Clinical implications

  • Re-biopsy at recurrence should be mandatory for any targeted-therapy trial in medulloblastoma — putative drug targets identified in therapy-naive tumours are unreliable predictors of targets present in the dominant relapse clone (PMID:26760213).
  • Subclonal targetable events in primary tumours may anticipate the targets that will dominate at relapse; combination therapies that pre-empt the resistant subclone (e.g. add a TP53-pathway-aware agent up front) are a logical extension.
  • Molecular subgroup affiliation is stable even when trunk drivers switch — subgroup-level therapeutic strategies (e.g. targeting Shh-subgroup biology broadly) remain rational at recurrence, while gene-level targeted strategies are not.
  • TP53-pathway intactness predicts radiation response. Mouse and Drosophila data link p53 dysfunction to radiation-resistance and recurrence in Shh tumours, consistent with known fatal prognosis of TP53-mutant Shh medulloblastoma in humans.
  • chr14q loss / DYNC1H1 deficit is a prognostic marker specific to therapy-naive Shh medulloblastoma (50% recurrence with loss vs 30% balanced).
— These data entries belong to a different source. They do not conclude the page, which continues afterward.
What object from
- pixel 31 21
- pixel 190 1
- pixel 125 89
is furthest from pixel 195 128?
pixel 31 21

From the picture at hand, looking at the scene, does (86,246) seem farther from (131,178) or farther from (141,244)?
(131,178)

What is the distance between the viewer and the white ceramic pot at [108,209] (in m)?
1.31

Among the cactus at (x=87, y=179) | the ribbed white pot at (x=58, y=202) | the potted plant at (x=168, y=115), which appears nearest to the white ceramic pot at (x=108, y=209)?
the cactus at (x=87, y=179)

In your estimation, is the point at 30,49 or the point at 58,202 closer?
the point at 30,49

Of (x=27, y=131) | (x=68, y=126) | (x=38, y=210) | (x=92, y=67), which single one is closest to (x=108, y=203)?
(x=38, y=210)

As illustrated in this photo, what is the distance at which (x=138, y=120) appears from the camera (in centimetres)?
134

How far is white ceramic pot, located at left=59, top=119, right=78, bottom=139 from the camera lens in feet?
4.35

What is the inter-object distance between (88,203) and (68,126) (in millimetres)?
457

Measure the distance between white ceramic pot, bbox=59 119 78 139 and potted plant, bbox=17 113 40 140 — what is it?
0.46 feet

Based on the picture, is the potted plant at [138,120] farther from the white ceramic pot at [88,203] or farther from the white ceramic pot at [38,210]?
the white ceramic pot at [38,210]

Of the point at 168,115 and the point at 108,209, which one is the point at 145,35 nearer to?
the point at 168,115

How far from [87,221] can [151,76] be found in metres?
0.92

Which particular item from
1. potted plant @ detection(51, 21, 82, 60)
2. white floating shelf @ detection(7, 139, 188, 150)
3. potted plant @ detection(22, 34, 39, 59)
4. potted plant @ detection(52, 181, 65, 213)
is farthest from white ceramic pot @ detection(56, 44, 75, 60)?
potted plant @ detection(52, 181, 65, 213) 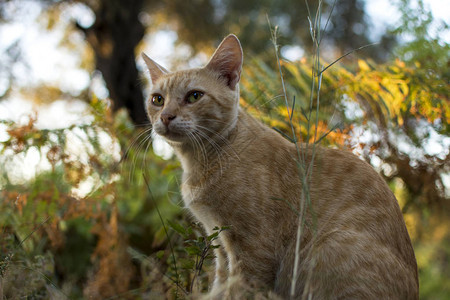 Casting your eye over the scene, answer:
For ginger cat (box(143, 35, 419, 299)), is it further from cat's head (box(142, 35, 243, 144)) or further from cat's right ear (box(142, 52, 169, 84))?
cat's right ear (box(142, 52, 169, 84))

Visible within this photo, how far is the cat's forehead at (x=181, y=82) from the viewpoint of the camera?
2250mm

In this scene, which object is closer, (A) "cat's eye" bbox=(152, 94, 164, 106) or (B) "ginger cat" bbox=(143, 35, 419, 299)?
(B) "ginger cat" bbox=(143, 35, 419, 299)

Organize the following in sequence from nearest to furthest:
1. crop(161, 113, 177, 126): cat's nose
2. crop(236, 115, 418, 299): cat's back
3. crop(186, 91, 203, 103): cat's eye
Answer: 1. crop(236, 115, 418, 299): cat's back
2. crop(161, 113, 177, 126): cat's nose
3. crop(186, 91, 203, 103): cat's eye

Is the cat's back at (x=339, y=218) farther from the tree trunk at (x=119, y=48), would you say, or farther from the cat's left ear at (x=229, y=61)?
the tree trunk at (x=119, y=48)

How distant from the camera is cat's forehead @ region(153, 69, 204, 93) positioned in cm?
225

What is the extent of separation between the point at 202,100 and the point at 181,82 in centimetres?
19

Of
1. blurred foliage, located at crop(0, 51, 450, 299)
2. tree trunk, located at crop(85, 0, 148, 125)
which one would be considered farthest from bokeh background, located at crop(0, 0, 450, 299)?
tree trunk, located at crop(85, 0, 148, 125)

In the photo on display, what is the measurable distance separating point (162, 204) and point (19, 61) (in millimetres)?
2849

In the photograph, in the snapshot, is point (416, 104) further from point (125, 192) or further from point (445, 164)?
point (125, 192)

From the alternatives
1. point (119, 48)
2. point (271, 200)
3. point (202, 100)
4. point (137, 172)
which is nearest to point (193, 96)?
point (202, 100)

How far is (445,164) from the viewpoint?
111 inches

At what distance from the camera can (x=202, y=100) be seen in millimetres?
2186

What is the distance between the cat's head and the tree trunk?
2902 mm

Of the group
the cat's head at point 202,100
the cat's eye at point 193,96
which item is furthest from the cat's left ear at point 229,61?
the cat's eye at point 193,96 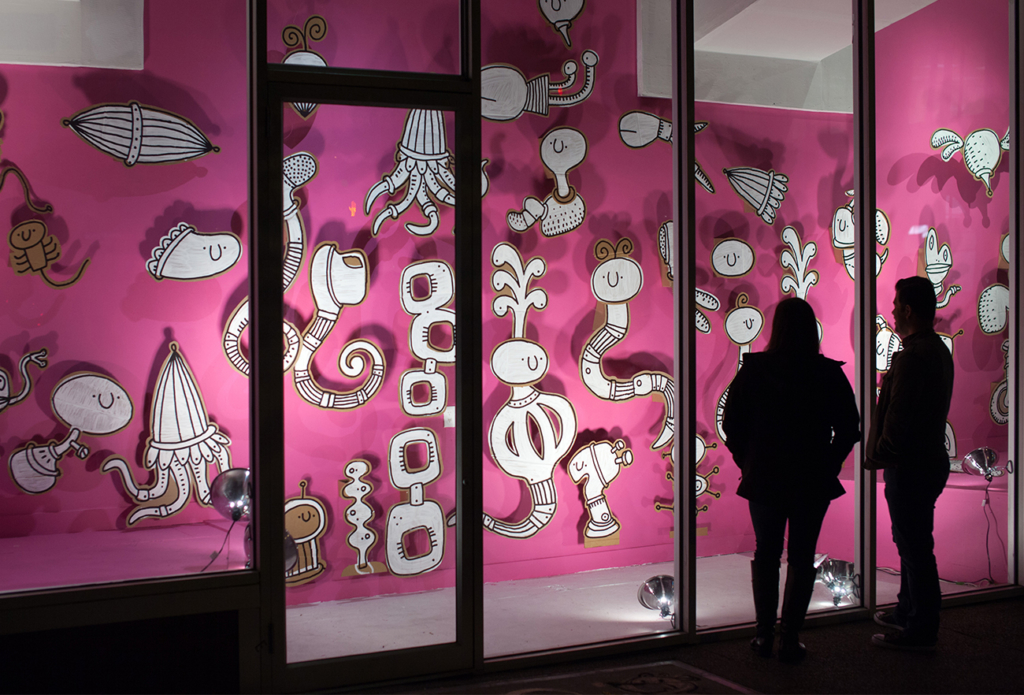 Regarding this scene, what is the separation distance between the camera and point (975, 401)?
4457 millimetres

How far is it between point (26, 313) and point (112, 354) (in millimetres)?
316

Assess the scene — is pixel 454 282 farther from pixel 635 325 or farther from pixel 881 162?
pixel 881 162

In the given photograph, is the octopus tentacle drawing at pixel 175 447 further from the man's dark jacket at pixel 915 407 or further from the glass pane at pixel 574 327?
the man's dark jacket at pixel 915 407

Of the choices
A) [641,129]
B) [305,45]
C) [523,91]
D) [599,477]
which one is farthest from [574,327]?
[305,45]

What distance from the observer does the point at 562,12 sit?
368cm

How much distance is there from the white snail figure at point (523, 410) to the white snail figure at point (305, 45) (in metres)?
1.01

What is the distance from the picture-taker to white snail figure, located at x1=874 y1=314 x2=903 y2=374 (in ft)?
13.4

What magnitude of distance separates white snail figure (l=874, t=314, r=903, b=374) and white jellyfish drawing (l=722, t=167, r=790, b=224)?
2.71 feet

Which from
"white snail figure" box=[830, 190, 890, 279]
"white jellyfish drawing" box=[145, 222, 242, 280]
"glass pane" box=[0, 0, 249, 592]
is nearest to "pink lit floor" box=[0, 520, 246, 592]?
"glass pane" box=[0, 0, 249, 592]

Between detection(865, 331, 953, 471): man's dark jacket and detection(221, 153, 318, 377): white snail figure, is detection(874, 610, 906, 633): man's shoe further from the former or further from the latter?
detection(221, 153, 318, 377): white snail figure

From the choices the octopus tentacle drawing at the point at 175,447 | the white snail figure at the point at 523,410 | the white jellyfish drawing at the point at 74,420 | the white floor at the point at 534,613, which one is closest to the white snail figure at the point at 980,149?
the white floor at the point at 534,613

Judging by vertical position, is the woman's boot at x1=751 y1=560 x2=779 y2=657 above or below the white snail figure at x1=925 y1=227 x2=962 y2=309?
below

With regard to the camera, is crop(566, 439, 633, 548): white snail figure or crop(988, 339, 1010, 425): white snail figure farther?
crop(988, 339, 1010, 425): white snail figure

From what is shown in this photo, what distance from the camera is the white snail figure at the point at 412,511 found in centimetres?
323
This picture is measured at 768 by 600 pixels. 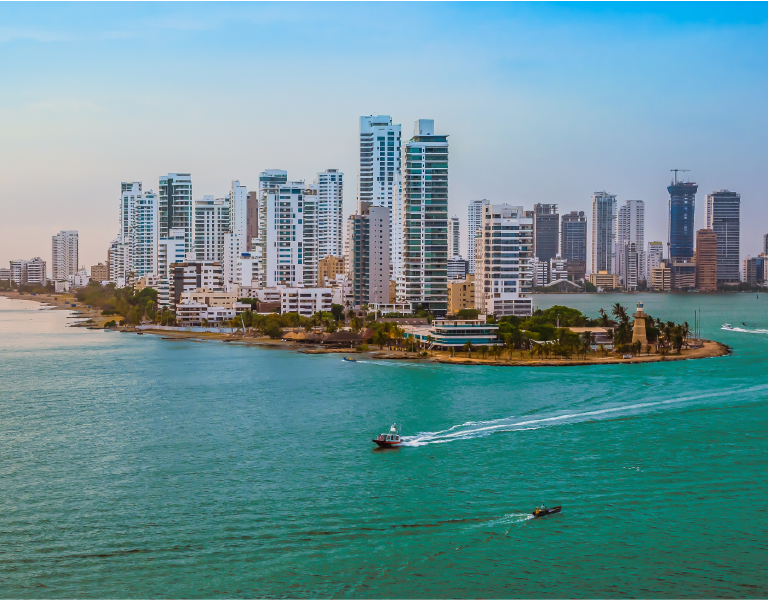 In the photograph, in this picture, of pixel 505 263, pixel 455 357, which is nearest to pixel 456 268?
pixel 505 263

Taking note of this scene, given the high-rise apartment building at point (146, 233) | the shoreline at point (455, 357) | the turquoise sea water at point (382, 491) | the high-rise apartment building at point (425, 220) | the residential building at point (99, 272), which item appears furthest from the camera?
the residential building at point (99, 272)

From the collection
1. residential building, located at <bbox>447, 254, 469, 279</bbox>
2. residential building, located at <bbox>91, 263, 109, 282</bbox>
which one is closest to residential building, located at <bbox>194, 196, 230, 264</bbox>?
residential building, located at <bbox>447, 254, 469, 279</bbox>

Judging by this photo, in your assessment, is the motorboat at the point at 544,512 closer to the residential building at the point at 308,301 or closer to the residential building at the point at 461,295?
the residential building at the point at 461,295

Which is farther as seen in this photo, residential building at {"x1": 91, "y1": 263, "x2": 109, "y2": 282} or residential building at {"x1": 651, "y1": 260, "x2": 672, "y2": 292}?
residential building at {"x1": 651, "y1": 260, "x2": 672, "y2": 292}

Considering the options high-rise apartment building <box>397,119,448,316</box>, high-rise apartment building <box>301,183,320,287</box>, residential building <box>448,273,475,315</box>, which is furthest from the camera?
high-rise apartment building <box>301,183,320,287</box>

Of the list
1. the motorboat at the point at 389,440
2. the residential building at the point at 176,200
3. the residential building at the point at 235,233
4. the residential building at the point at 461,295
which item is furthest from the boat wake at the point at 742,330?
the residential building at the point at 176,200

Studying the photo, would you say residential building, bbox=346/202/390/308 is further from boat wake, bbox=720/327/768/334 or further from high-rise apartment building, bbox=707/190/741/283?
high-rise apartment building, bbox=707/190/741/283

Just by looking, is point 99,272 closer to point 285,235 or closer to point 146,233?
point 146,233
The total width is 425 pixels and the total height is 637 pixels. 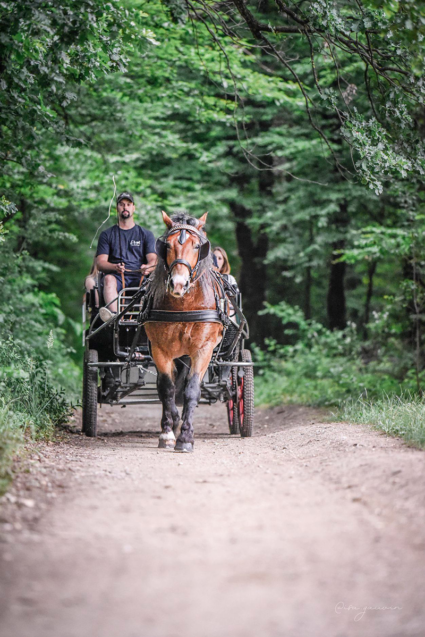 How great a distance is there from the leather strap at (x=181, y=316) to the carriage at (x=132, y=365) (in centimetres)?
49

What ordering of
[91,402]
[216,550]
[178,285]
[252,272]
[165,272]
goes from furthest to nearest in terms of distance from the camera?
[252,272] → [91,402] → [165,272] → [178,285] → [216,550]

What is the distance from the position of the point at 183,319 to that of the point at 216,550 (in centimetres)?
360

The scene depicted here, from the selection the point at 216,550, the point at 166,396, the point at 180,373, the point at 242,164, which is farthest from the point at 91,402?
the point at 242,164

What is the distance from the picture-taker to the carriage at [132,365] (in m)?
7.41

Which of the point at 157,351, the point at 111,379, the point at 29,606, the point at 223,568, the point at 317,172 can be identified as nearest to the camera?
the point at 29,606

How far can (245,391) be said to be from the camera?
7.96 metres

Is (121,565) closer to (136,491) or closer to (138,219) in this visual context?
(136,491)

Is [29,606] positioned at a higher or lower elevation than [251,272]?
lower

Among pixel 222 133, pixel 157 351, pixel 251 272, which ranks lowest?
pixel 157 351

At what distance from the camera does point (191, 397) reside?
646 centimetres

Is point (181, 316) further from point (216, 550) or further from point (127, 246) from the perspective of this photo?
point (216, 550)

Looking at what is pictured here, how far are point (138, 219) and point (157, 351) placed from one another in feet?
20.9

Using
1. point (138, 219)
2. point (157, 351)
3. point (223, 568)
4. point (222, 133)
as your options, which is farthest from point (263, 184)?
point (223, 568)

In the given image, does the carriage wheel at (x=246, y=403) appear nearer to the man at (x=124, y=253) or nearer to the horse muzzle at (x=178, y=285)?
the man at (x=124, y=253)
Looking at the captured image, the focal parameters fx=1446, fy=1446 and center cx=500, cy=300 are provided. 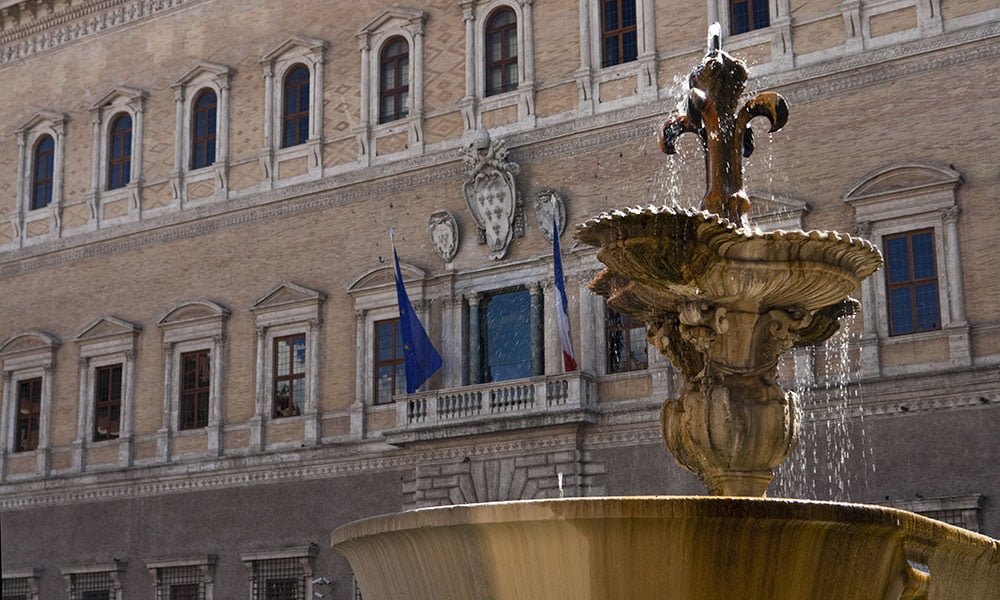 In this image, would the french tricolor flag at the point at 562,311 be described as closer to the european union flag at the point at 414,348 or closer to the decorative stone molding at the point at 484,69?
the european union flag at the point at 414,348

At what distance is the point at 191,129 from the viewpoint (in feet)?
Result: 78.7

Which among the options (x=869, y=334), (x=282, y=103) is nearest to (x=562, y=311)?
(x=869, y=334)

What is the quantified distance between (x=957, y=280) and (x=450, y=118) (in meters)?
7.78

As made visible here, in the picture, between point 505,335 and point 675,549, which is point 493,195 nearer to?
point 505,335

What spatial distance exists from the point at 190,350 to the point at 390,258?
4.11 metres

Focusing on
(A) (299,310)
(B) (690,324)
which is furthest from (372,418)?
(B) (690,324)

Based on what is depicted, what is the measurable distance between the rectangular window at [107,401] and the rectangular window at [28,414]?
135 cm

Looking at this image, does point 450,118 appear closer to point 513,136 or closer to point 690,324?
point 513,136

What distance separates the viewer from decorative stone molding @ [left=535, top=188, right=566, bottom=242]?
19500 mm

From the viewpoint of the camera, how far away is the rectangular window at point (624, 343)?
741 inches

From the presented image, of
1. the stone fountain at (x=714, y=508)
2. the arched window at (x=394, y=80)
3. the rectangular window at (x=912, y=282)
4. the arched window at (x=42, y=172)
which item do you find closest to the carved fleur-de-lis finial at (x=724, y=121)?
the stone fountain at (x=714, y=508)

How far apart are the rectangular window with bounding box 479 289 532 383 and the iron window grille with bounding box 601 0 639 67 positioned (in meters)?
3.47

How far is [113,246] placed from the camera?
2428 centimetres

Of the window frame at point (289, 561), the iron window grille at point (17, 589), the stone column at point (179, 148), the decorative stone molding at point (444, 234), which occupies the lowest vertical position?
the iron window grille at point (17, 589) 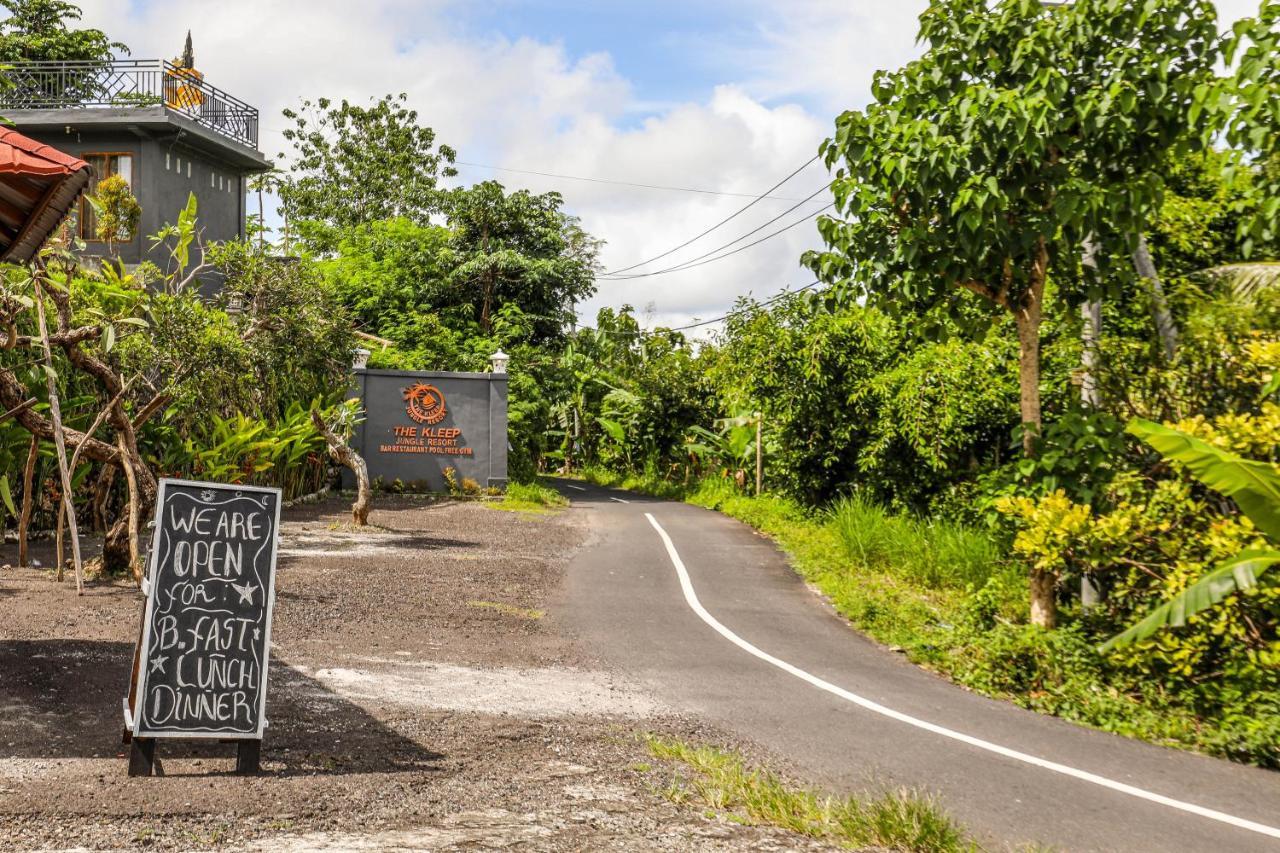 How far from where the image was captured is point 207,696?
6.05 metres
Limitations & open questions

  • Cohort size is modest (15 germline-matched WGS pairs) — recurrent-driver identification is statistically underpowered for individual genes; convergence is best seen at the pathway level.
  • Sample-quality heterogeneity: 18 pairs lack germline DNA (somatic calls enriched indirectly), and 3 pairs are FFPE WES; cross-cohort statistical comparisons are limited.
  • The Sleeping Beauty mouse model captures only Shh-subgroup medulloblastoma and the Ptch+/− lineage; clonal-selection dynamics in Group 3/Group 4 tumours rely on the smaller human transcriptomic comparison (n = 3 Group 4).
  • Whether ‘anticipatory therapy’ (treating the predicted resistance pathway up front) actually reduces recurrence in patients is untested.
  • The mechanistic basis of DYNC1H1 / chr14q loss in Shh medulloblastoma is not resolved.
  • Whether the same diagnosis-to-recurrence divergence holds for chemotherapy-only regimens (no radiation) is not addressed; cohort received radiation ± chemotherapy.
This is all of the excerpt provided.